Despite nobody really thinking that the decision by the Internet Corporation for Assigned Names and Numbers to expand the variety of top-level domain addresses is a good idea, the plan seems to be chugging right along. Joining the chorus of businesses that oppose ICANN's plan, the United Nations and 26 other international entities have voiced their concern that making available possible site domains like ".un" and ".imf" could be used maliciously. The cadre of organizations sent a letter to ICANN last month requesting that they refrain from offering such domains for use.
In a report from Reuters today, however, ICANN President Rod Beckstrom sought to re-assure the organizations that they're "very sensitive to those concerns" and that they'd be "responding to that letter." He adds, "If (those who registered the domain) have no rights to that term, then you're in a very good position. So you don't need to apply for the term for a top-level domain because you're concerned that someone who has no rights might apply."
Beckstrom might as well have just come out and told the U.N. to keep their shirt on.

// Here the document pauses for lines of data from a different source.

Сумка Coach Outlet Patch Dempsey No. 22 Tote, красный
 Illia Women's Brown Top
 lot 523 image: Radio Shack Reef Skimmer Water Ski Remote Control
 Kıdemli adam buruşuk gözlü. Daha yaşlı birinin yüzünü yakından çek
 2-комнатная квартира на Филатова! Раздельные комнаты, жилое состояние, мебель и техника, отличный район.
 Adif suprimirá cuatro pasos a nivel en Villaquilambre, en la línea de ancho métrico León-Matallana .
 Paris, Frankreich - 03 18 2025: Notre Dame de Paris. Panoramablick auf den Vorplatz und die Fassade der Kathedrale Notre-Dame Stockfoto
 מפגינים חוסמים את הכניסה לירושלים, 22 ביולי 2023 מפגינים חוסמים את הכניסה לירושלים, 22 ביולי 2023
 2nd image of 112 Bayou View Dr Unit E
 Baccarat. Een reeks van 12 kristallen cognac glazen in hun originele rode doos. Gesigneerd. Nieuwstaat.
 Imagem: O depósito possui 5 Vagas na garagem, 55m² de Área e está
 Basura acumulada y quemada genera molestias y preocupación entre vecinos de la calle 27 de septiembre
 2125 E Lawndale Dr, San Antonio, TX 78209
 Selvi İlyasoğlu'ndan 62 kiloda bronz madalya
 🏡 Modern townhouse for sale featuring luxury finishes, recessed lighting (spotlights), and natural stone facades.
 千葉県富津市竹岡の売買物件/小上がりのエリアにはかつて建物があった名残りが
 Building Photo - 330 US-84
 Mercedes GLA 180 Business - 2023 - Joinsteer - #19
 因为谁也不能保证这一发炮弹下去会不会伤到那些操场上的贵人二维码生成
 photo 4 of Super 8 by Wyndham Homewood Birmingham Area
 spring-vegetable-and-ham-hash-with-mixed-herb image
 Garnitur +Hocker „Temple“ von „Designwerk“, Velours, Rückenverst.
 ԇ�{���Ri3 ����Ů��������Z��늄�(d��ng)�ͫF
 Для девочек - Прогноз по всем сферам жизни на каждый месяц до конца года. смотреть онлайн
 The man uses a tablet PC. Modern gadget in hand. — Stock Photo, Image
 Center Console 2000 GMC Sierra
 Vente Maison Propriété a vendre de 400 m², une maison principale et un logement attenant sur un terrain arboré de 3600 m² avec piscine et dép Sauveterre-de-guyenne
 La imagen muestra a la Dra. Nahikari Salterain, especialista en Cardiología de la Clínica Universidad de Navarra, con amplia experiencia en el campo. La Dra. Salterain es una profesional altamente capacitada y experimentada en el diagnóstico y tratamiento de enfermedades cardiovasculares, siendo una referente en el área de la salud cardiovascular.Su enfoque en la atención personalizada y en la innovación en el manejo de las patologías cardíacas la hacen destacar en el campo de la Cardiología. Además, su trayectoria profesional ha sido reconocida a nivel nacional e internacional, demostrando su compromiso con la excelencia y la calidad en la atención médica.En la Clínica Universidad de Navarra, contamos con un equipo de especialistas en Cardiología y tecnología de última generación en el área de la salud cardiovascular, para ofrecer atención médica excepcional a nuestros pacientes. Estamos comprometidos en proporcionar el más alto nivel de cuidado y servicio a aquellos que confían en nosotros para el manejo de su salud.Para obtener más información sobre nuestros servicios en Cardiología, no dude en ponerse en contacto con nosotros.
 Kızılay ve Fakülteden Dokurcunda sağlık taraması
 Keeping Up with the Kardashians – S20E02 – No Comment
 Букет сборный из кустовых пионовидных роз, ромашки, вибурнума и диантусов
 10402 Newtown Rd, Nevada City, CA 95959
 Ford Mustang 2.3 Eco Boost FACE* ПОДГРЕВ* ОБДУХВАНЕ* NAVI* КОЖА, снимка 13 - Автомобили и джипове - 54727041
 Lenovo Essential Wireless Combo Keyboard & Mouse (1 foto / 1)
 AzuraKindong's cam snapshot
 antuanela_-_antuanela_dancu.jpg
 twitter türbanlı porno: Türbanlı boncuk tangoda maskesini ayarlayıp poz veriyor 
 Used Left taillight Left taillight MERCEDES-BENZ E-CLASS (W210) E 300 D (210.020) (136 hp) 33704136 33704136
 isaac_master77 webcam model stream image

His mildly insouciant rebuttal of the concerns isn't completely invalid. In the same Reuters article, Beckstrom points out that on top of the likely preventive price tag of $185,000 to register a top-level domain, additional annual fees due to ICANN will inflate the cost of owning the domain name upwards of $400,000 over the first 10 years. Cybersquatting a web domain in order to get paid out a nice ransom from governments or businesses hardly seems like even a little bit of fun when you'll be bleeding tons of money just to hold on to the top-level domain. Cybersquatters are opportunists that like to register these domain names in order to make profits, not simply cover the astronomical cost of registering the domain in the first place.
The U.N, IMF, other international organizations and all the businesses freaking out about the possibility of someone registering a site with their likeness really need to get to know they're neighborhood scam artists a little better. Think more Wile E. Coyote and less Lex Luthor.